DATA RECORDS:
[Start of section]
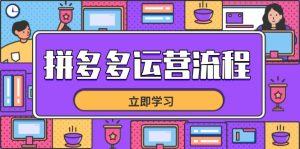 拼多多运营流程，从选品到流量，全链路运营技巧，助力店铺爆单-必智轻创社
[End of section]
[Start of section]
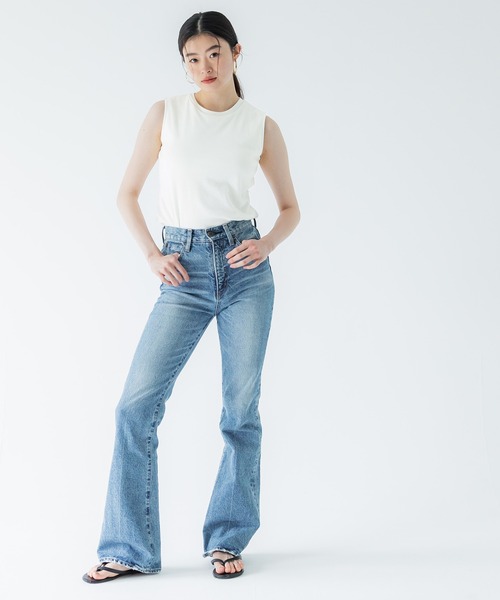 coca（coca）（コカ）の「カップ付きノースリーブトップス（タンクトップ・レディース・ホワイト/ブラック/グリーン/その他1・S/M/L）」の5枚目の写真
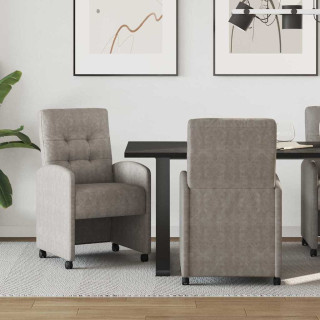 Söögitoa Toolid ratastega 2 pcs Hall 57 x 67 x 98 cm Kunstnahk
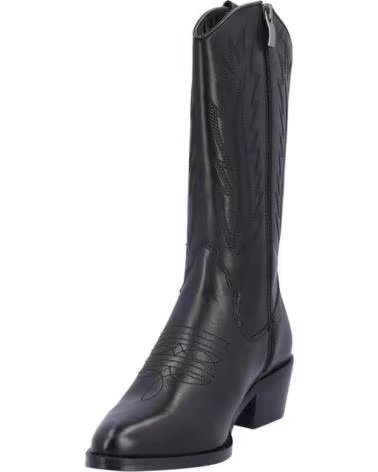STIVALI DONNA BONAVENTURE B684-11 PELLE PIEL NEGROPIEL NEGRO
[End of section]
ASSIGNED TASK:
Looking at the listing above, which lines run from the one containing "coca（coca）（コカ）" through the one containing "STIVALI DONNA BONAVENTURE"? Print exactly those, ends included, pictures excluded.

EXERCISE OUTPUT:
 coca（coca）（コカ）の「カップ付きノースリーブトップス（タンクトップ・レディース・ホワイト/ブラック/グリーン/その他1・S/M/L）」の5枚目の写真
 Söögitoa Toolid ratastega 2 pcs Hall 57 x 67 x 98 cm Kunstnahk
STIVALI DONNA BONAVENTURE B684-11 PELLE PIEL NEGROPIEL NEGRO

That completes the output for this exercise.